About a quarter of men in that study reported forcing themselves on a woman disinterested in sex.

“All men who had raped were asked about the reasons for the most recent rape,” the researchers reported. “Of those who had raped a non-partner woman, the most common reason for the most recent rape expressed sexual entitlement (statements endorsed by 73 percent of men across the region), followed by entertainment seeking (59 percent), anger or punishment (38 percent), and alcohol or substance use (27 percent). When asked about what consequences they had ever experienced after rape, only 55 percent of men had felt guilty, and 23 percent had been sent to prison for rape of a partner or non-partner woman, or man, but this proportion varied from 2 percent (Sri Lanka) to 52 percent (Papua New Guinea), where traditional rape punishments are used.”

“Although this study focused on countries in Asia and the Pacific,” the study said, “the findings are of substantial global interest, partly because most of the world’s population lives in this region and the countries are very culturally diverse. Moreover, the high consistency between associated factors described in South Africa and North America and those from countries of this region is notable.”

There are a long list of studies documenting the ways in which abhorrent behaviors can become normalized.

Dani Bickford has argued some sexual harassment, if not assault, has been normalized in Alaska’s capital city.  Bickford was a voice in the wilderness when she first suggested this idea. The recent cases involving  Westlake and Fansler – who appears to have slugged a woman at a time when #metoo is actively looking for men on which to focus its anger – would cause any reasonable person to wonder if there isn’t some fire beneath the smoke Bickford put up.

Solutions?

Former Alaska Gov. Sean Parnell championed a public relations campaign called “Choose Respect” to try to break this cycle. Many scoffed at it as more image than substance. Choose Respect sprang from a program started in 2008 by the Council on Domestic Violence and Sexual Assault in the state Department of Public Safety.

The “Real Alaska Men Choose Respect”‘campaign was born in an effort to engage men in the work of ending domestic violence and sexual assault,” according to the state website. “In December of 2009, Gov. Parnell pledged that Alaska would take every step necessary to stop the epidemic of domestic violence, sexual assault, and child sexual abuse in Alaska, and began his statewide “Choose Respect Initiative.”

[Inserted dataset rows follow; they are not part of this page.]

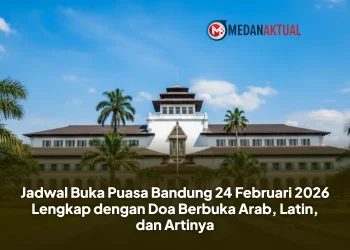 Jadwal Buka Puasa Bandung 24 Februari 2026 Lengkap dengan Doa Berbuka Arab, Latin, dan Artinya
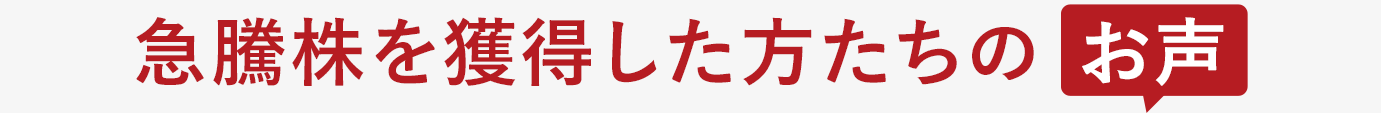 急騰株を獲得した方たちのお声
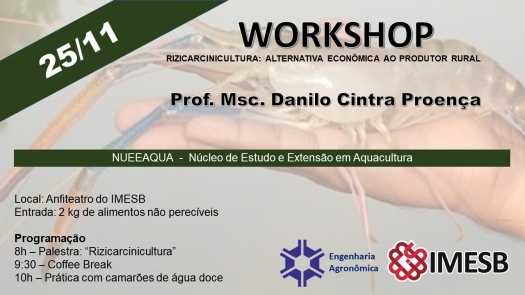 Curso de Engenharia Agronômica realiza workshop sobre Rizicarcinicultura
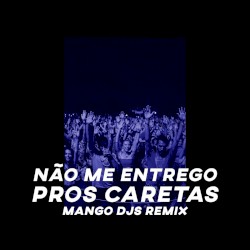 Não Me Entrego Pros Caretas (MangoDJs Remix)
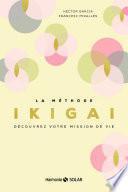 La méthode Ikigai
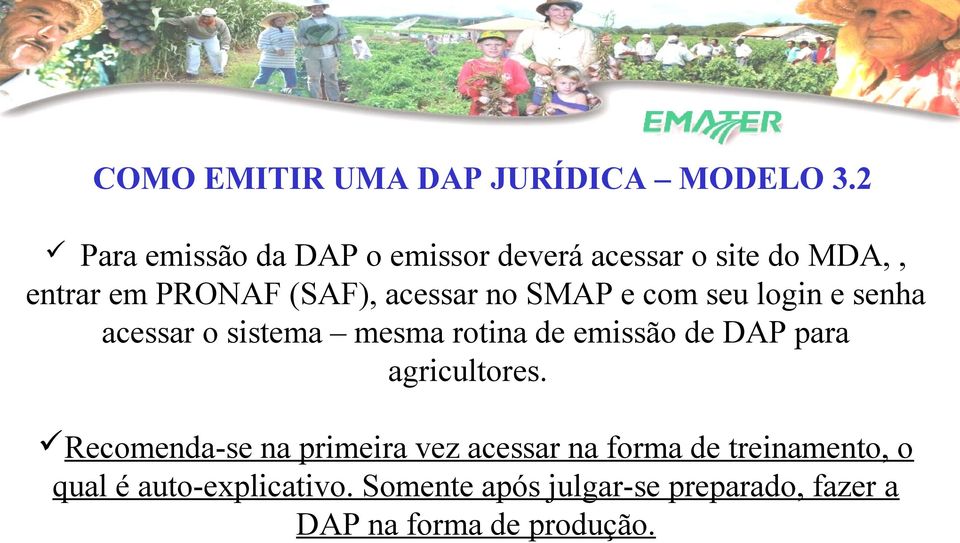 SMAP e com seu login e senha acessar o sistema mesma rotina de emissão de DAP para agricultores.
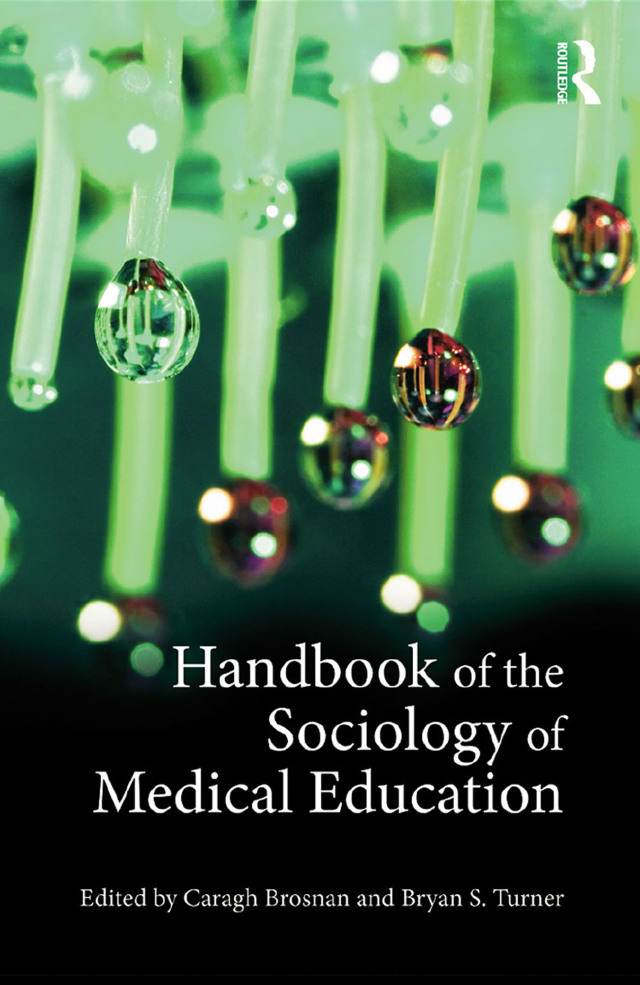 Handbook of the Sociology of Medical Education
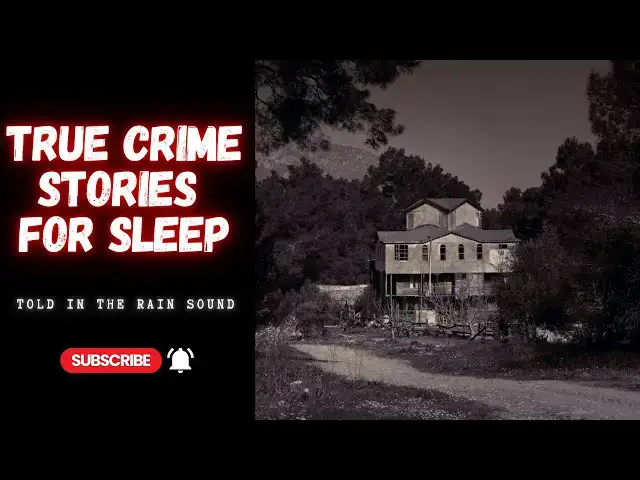 'Video thumbnail for Disturbing True Crime Stories For Sleep / Relax With Rain Sound | Black Screen | Vol. 4'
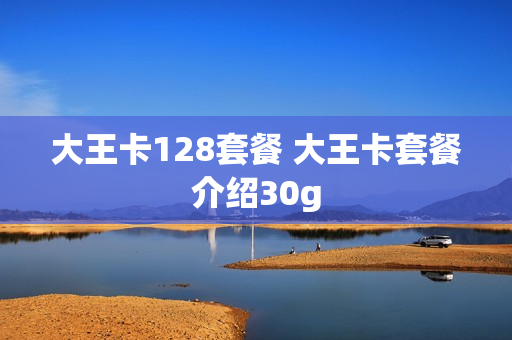 大王卡128套餐 大王卡套餐介绍30g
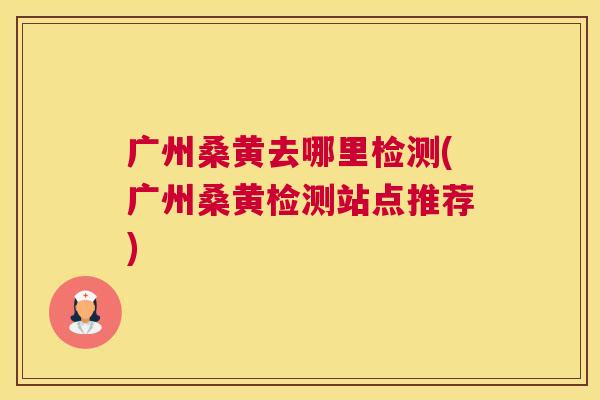 广州桑黄去哪里检测(广州桑黄检测站点推荐) 广州桑黄去哪里检测(广州桑黄检测站点推荐)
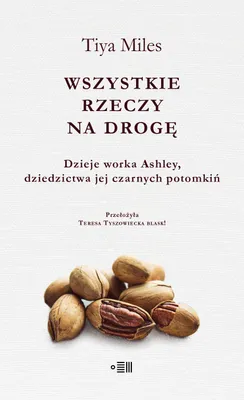 Image de Wszystkie rzeczy na drogę - Tiya Miles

For a brief time, as Alaskans argued over whether the program would do anything, Choose Respect gained a pretty high-profile thanks to Alaska Dispatch News columnist Shannyn Moore, who went to great efforts to mock it.

“Maybe Parnell will get Joe (Hazelwood) to chair the Ship Passage Safety for Prince William Sound Review Board,” she wrote in the summer of 2014. “But why stop there? Maybe serial killer Robert Hansen could chair the Choose Respect Campaign. He knows a thing or two about women and violence. With this governor, don’t bet against it.”

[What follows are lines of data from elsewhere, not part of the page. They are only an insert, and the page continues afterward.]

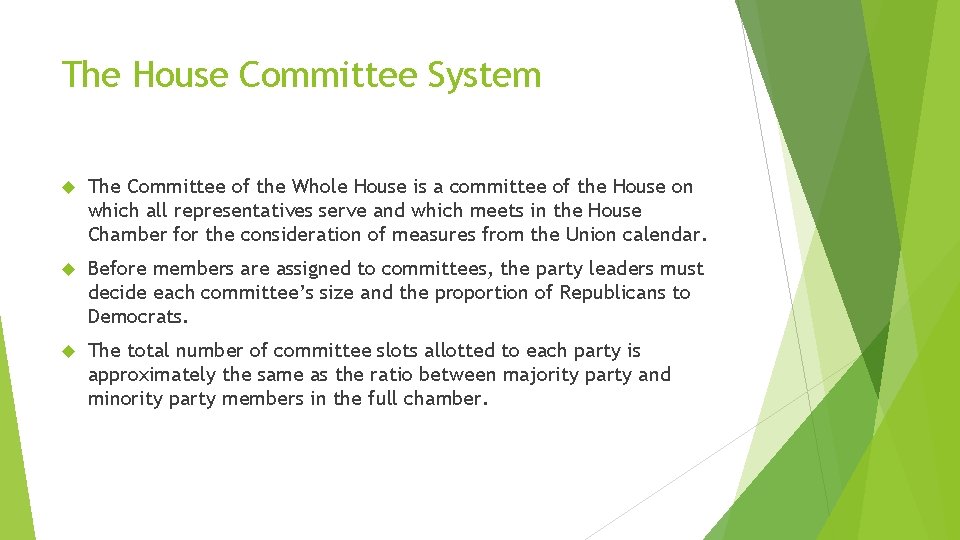 The House Committee System The Committee of the Whole House is a committee of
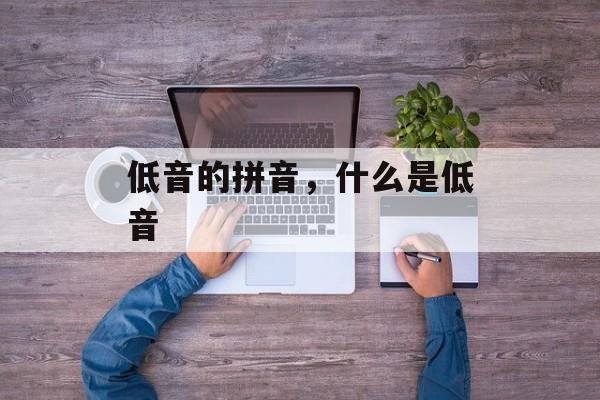 低音的拼音，什么是低音-第1张图片-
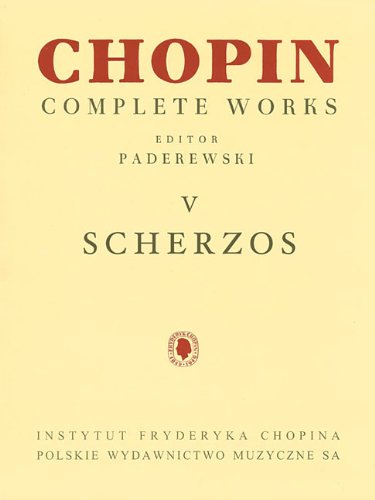 9781480390584: Scherzos: Chopin Complete Works Vol. V (Fryderyk Chopin Complete Works)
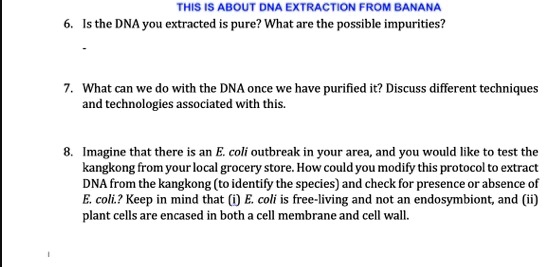 THIS IS ABOUT DNA EXTRACTION FROM BA???? 6. Is the DNA you extracted is ...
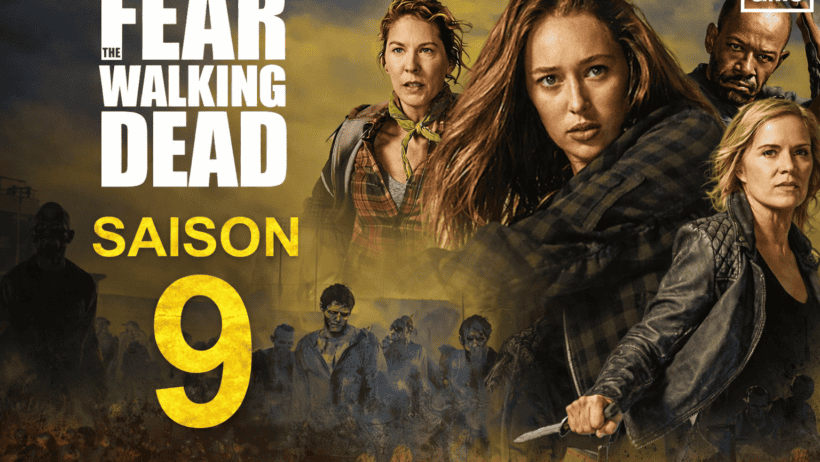 Fear The Walking Dead saison 9 : Pourquoi AMC a-t-il annulé la suite ?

Hazelwood was the skipper of the oil tanker Exxon Valdez when it went aground in the Sound in 1989 and caused the biggest oil spill in U.S. history. Robert Hansen was a baker who kidnapped, raped and then murdered 17 to more than 20 Anchorage women in the 1970s and early 1980s.

Hansen escaped detection for more than a decade because he preyed on the state’s most vulnerable women – strippers and prostitutes – and buried them in remote areas where many of the bodies were not found until Hansen confessed to some of the murders. 

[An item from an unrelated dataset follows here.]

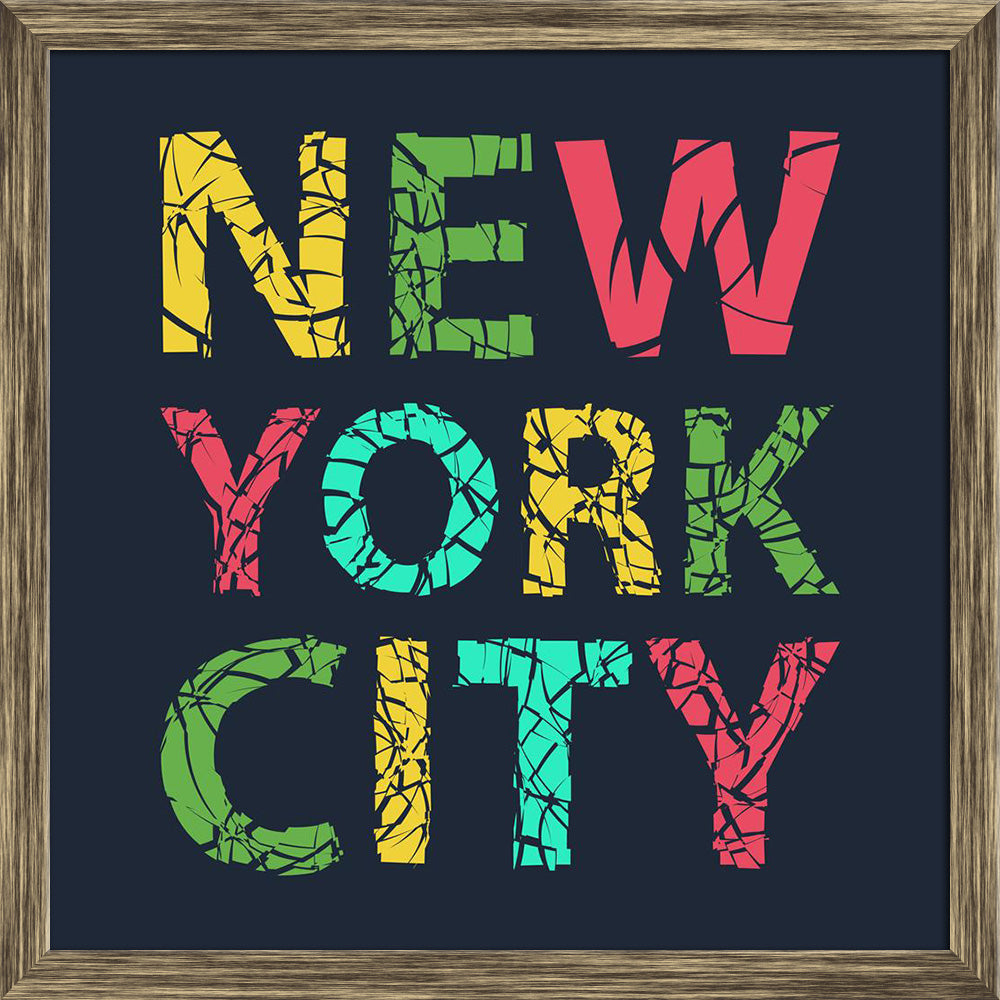 ArtzFolio New York, USA, City Typography Graphics Canvas Painting-Paintings Wooden Framing-AZ5006751ART_FR_RF_R-0-Image Code 5006751 Vishnu Image Folio Pvt Ltd, IC 5006751, ArtzFolio, Paintings Wooden Framing, Places, Quotes, Digital Art, new, york, usa, city, typography, graphics, canvas, painting, framed, print, wall, for, living, room, with, frame, poster, pitaara, box, large, size, drawing, art, split, big, office, reception, photography, of, kids, panel, designer, decorative, amazonbasics, reprint, sma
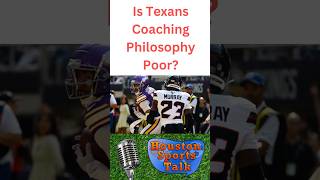 Is Texans Coaching Philosophy Poor [upl. by Refinney487]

With opinion leaders like Moore mocking Choose Respect, the program wasn’t destined to stay in the public eye long Moore-favorite Bill Walker replaced Parnell as governor.

Choose Respect is officially still out there somewhere, but there are a lot of men in the 49th state who could care less.

The situation doesn’t seem to be getting any better. If anything, it’s getting worse.

And, as with many problems in Alaska these days, nobody seems to have a good idea on how to make it get better.

CORRECTION: This story was edited on January 30, 2018 to fix a math error.